STORED DATA =>
■ ■ ■ ■ ■
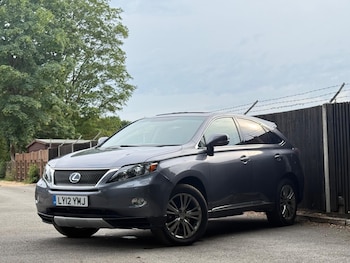 Used Lexus RX 2012 for sale - 78821883: Photo
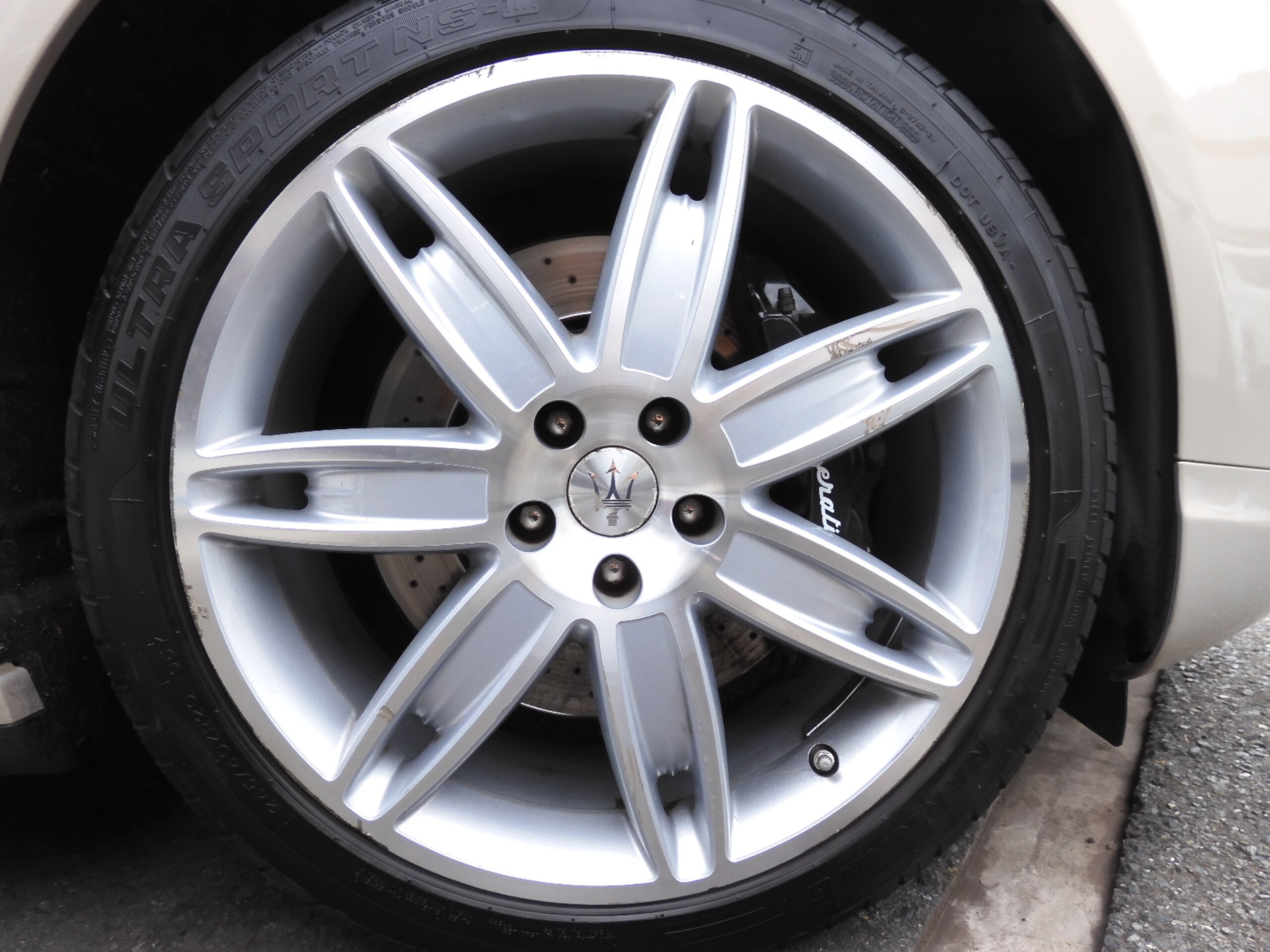 2014 Maserati Quattroporte S — Photo 10 / 22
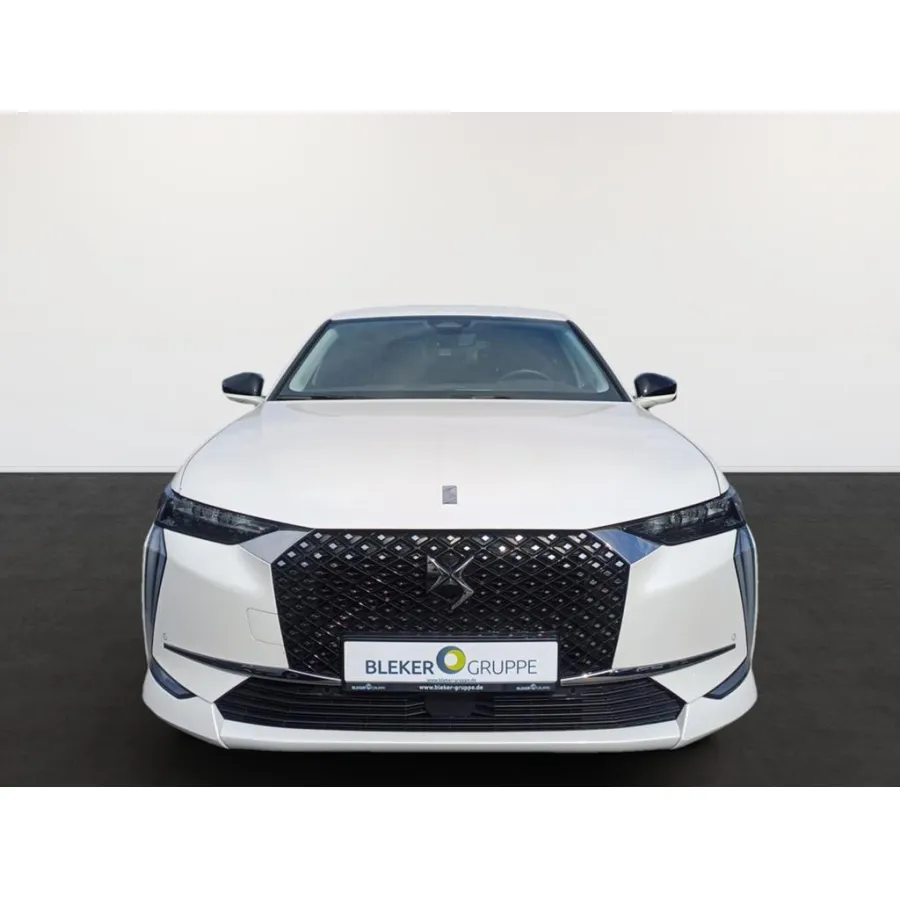 DS Automobiles, 2022, АКПП, пробег 10098 км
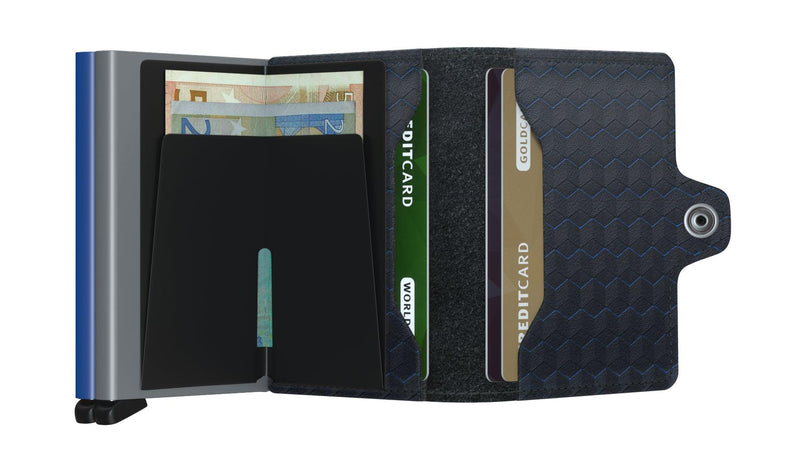 Secrid Twinwallet Optical Titanium - Oribags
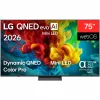 LG 75QNED83B6A 75-Zoll QNED MiniLED 4K Smart TV (2024)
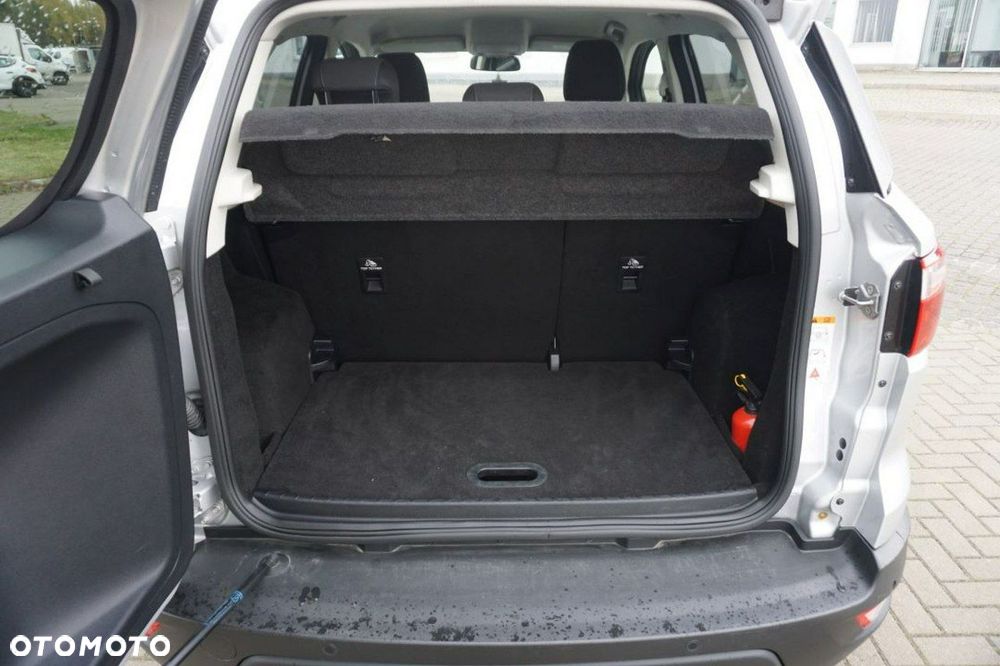 Ford EcoSport 1.0 EcoBoost Navi Edition ASS - 11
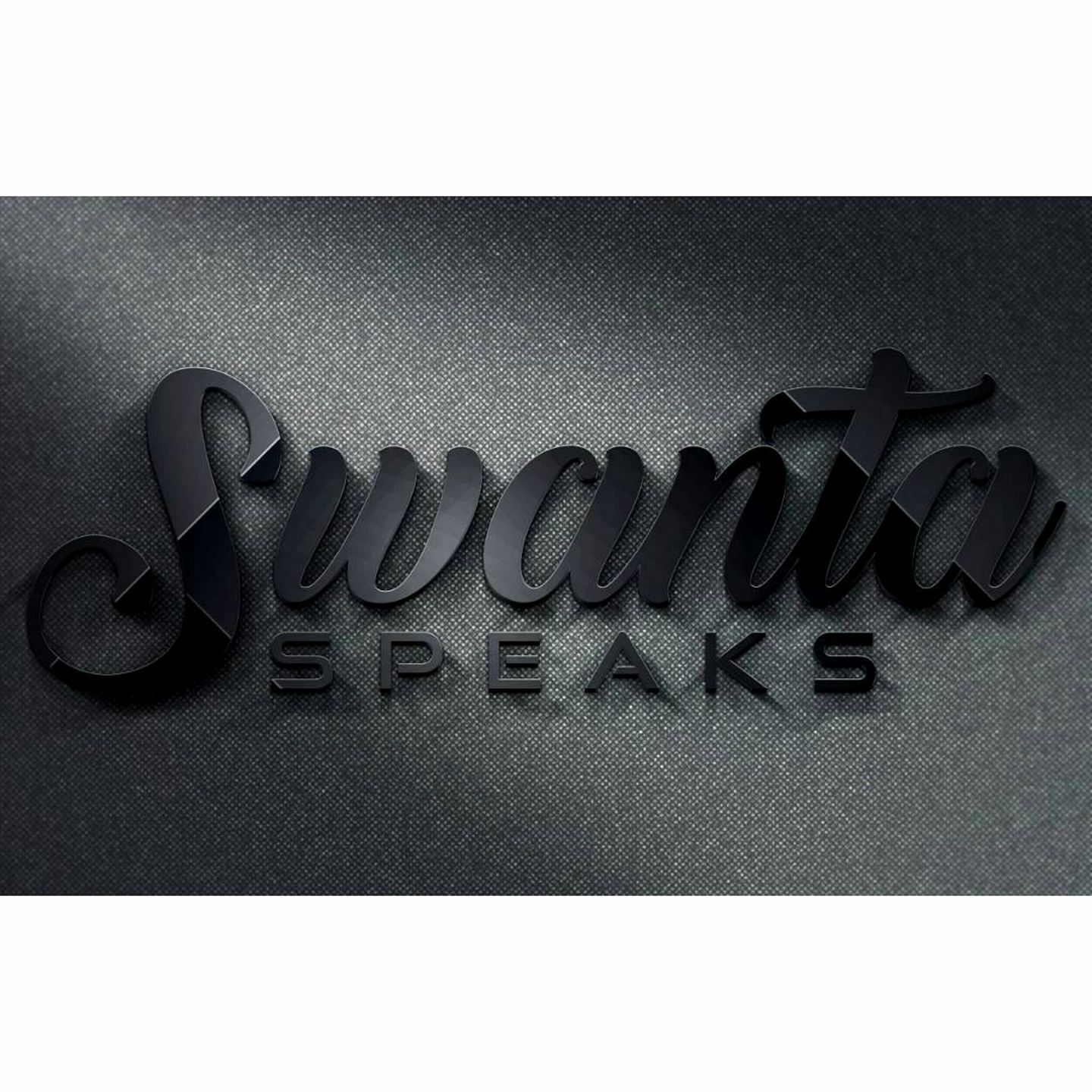 Swanta Speaks
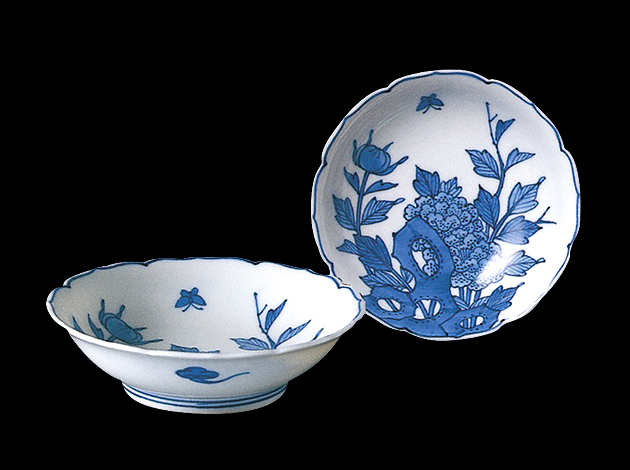 皿物| 飛騨高山の伝統工芸（陶磁器）・渋草焼の製造、販売【芳国舎】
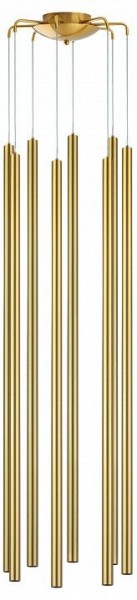 Подвесная люстра Lightstar Tubo L8T747443 в Лесном - lesnoy.mebel24.online | фото
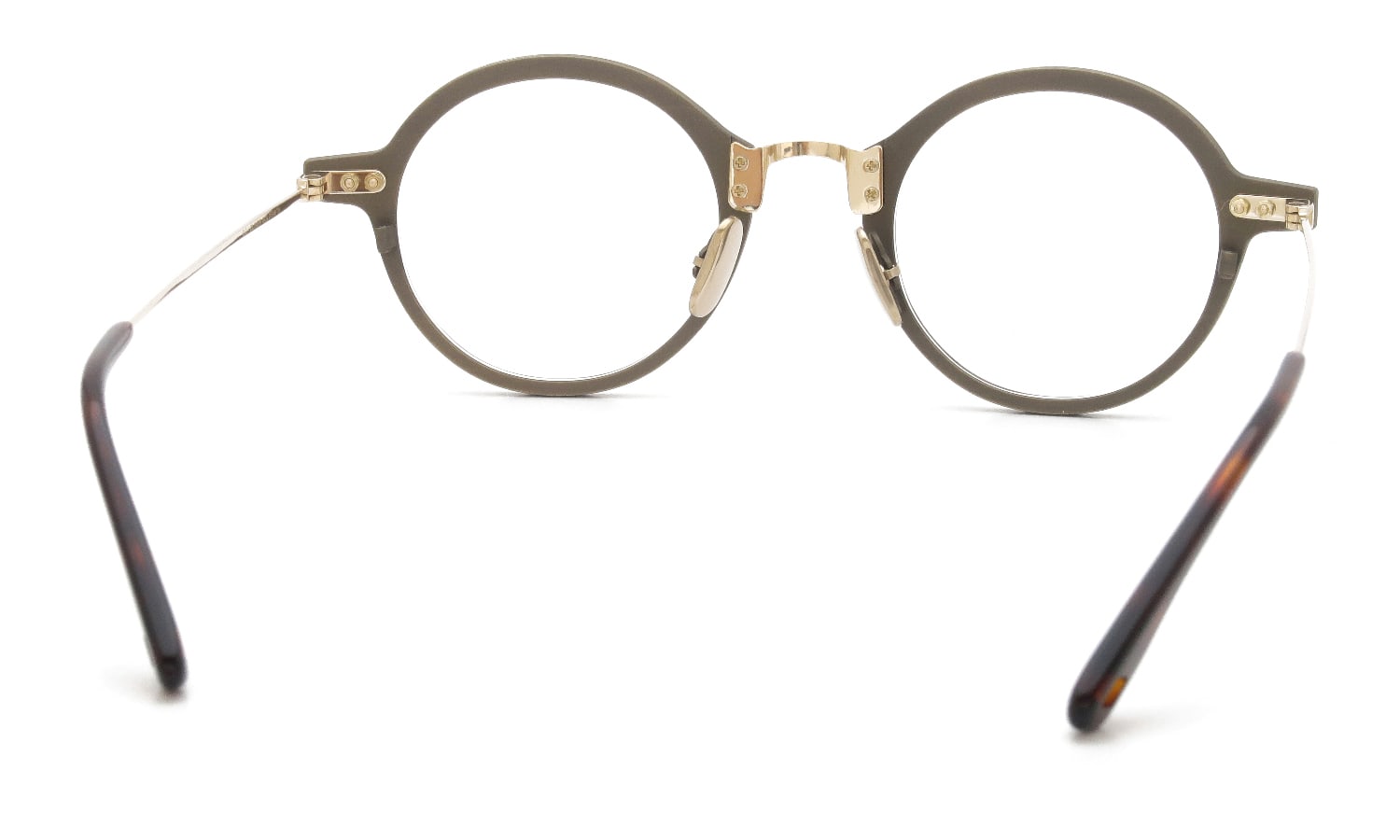 OG×OLIVERGOLDSMITH BUILT THREE 45size A GOLD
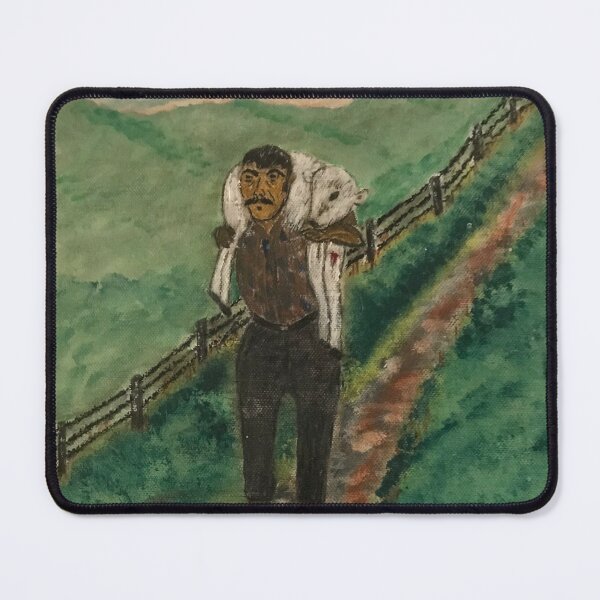 Item preview, Farm life, Poppie Art designed and sold by Bostonsofi.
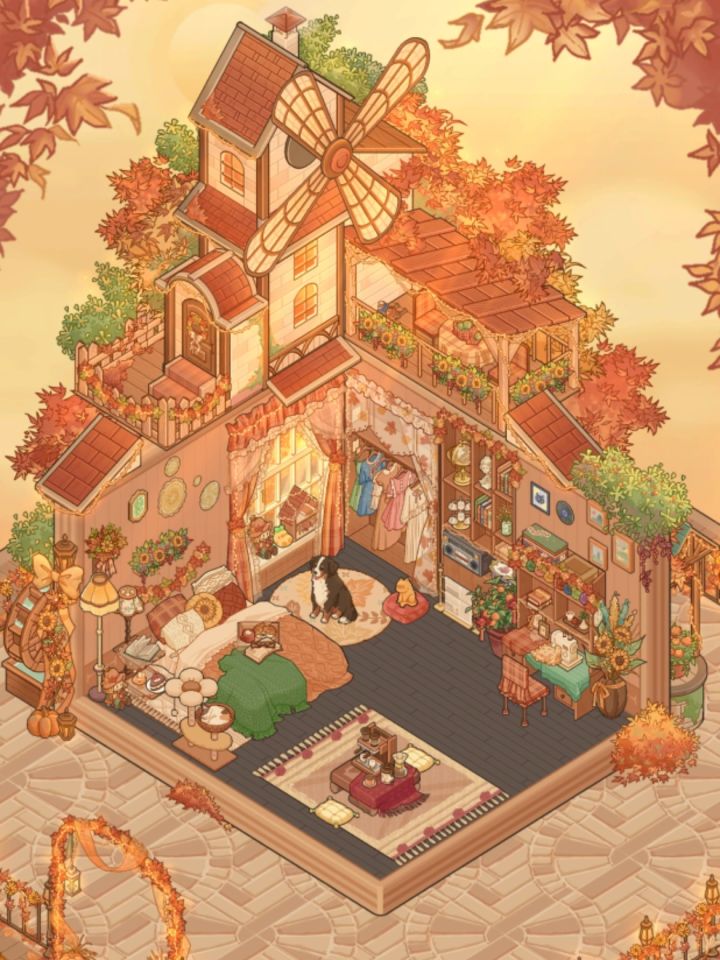 猫狗双全🥰截图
■ ■ ■ ■ ■
HOW TO COMPLETE THIS TASK =>
Repeat word for word the lines from the one holding "Ford EcoSport 1.0" through the last line of the listing above, including both ends. Drop the pictures.

OUTPUT BELOW =>
 Ford EcoSport 1.0 EcoBoost Navi Edition ASS - 11
 Swanta Speaks
 皿物| 飛騨高山の伝統工芸（陶磁器）・渋草焼の製造、販売【芳国舎】
 Подвесная люстра Lightstar Tubo L8T747443 в Лесном - lesnoy.mebel24.online | фото
 OG×OLIVERGOLDSMITH BUILT THREE 45size A GOLD
 Item preview, Farm life, Poppie Art designed and sold by Bostonsofi.
 猫狗双全🥰截图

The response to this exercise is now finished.